We did the easy things first. Coal-burning power stations were replaced with gas, and some of the gas with renewables. This makes no difference to most people: when we flick the switch, the lights still come on. But almost all the other reductions must involve us directly. They won’t happen unless the government mobilises the nation: encouraging us to drive less and use our feet, bicycles and public transport more; taxing frequent flyers; refitting our homes; reducing the amount of meat we eat; reducing the emissions embedded in the stuff we buy. On these issues, the government’s commitment to action amounts to zero. Not net zero. Absolute zero.

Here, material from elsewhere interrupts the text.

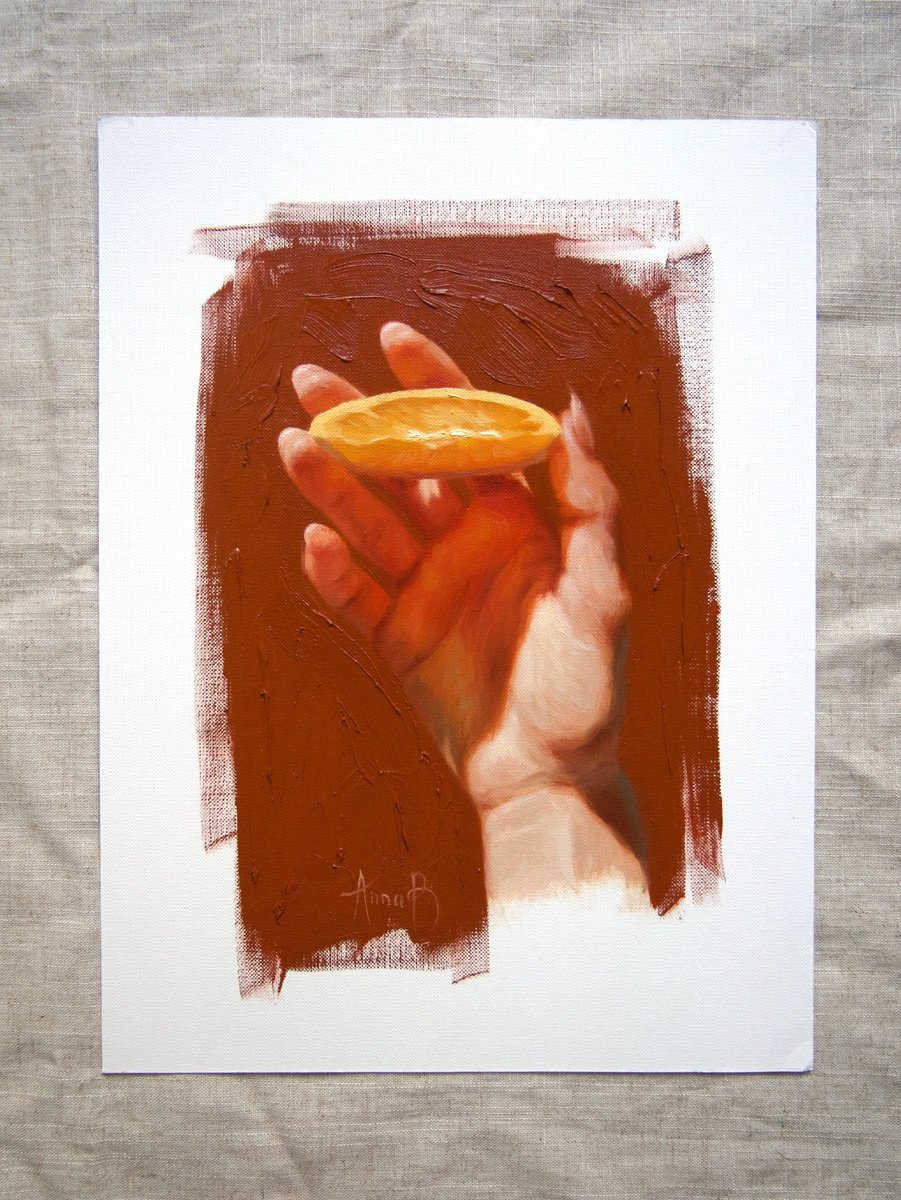 Photorealistic Portrait Oil Painting By Anna Bernadskaya, 9 X 13, Summer Hues, Original Artwork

Road transport in the UK releases the same amount of greenhouse gases as it did in 1990: a shocking failure by successive governments. Yet Johnson intends to spend another £27bn on roads. Every major airport in the UK has plans to expand.
Buildings release more greenhouse gases than they did in 2014, and the schemes intended to green them have collapsed. The green homes grant, which the government outsourced to a private company, has been a total fiasco, meeting roughly 8% of its target. At the current rate of installation, the UK’s homes will be equipped with low-carbon heating in a mere 700 years.
When I wrote Heat, we were promised that all new homes would soon be green ones. It still hasn’t happened, and the date has been pushed back yet again, this time to 2025. Rubbish homes are still being built, which will either require a much more expensive refit or will lock in high emissions for the rest of their lives.
And no one in government wants to touch the biggest issue of all: the greenhouse gases embedded in the stuff we buy, which account for some 46% of our emissions. Government ministers urge China to cut its greenhouse gases, but our economic model depends on us buying junk we don’t need with money we don’t have. Because the fossil fuels required to produce most of it are burned overseas and don’t appear in our national accounts, the government can wash its hands of the problem.
But something has changed for the better: us. In 2006, climate campaigners beat their heads against public indifference. Now, at last, we have mass movements, and some highly effective actions, such as the successful shutdown of the McDonald’s network by Animal Rebellion last week. If there is hope, this is where it lies.